On subregion holographic complexity and renormalization group flows

TL;DR

This paper explores how subregion holographic complexity behaves during renormalization group flows, revealing its potential to indicate phase transitions and its dependence on the geometry of the flow.

Contribution

It introduces the computation of subregion complexity in RG flow geometries using both Poincaré and Janus ansatzes, highlighting its role in phase transition detection.

Findings

Complexity reveals length scales in IR flow.

Cannot detect phase transitions in sharp domain walls.

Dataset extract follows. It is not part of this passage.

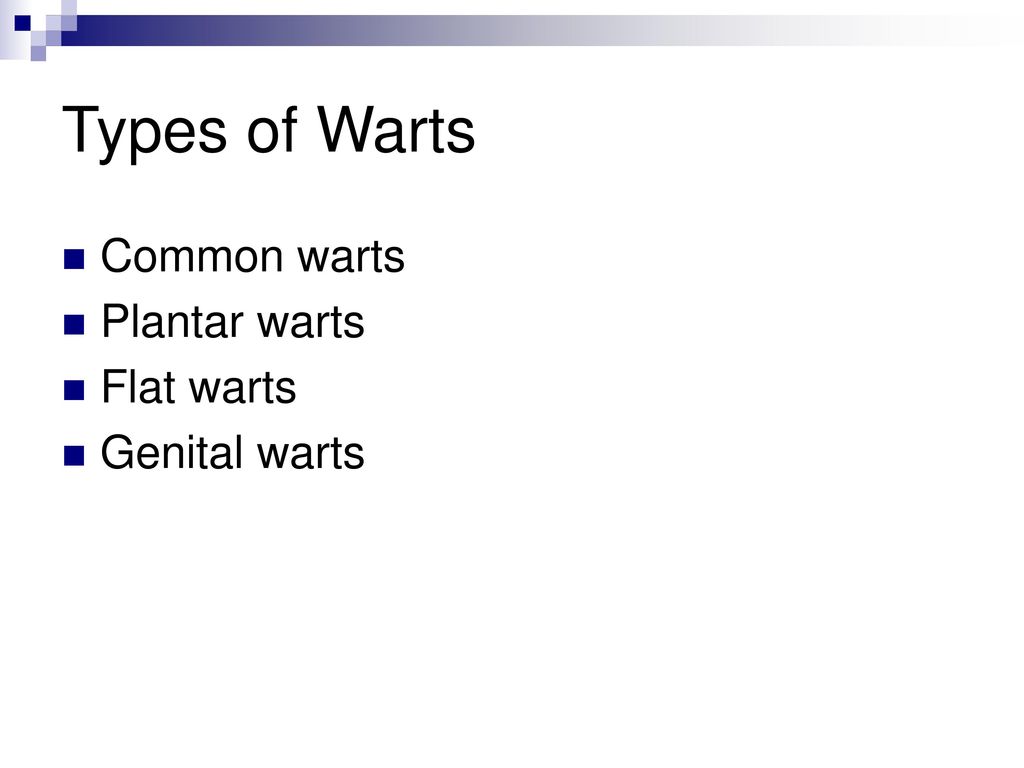 Types of Warts Common warts Plantar warts Flat warts Genital warts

May indicate phase transitions in smooth domain walls.

Abstract

We investigate subregion holographic complexity in the context of renormalization group flow geometries. We use both the Poinca\'re slicing and the Janus ansatz as holographic duals to renormalization group flows in the boundary conformal field theory. In the former metric, subregion complexity is computed for a disc and a strip shaped entangling region. For the disc shaped region, consistent emergence of length scales for flow to the deep infra-red is established. For strip shaped regions, we find that complexity cannot locate holographic phase transitions in a sharp domain wall scenario. For smooth domain walls, we find that the complexity might be an indicator of such phase transitions, and give numerical evidence that its derivative changes sign across a transition. Finally, the complexity is computed numerically using the Janus ansatz.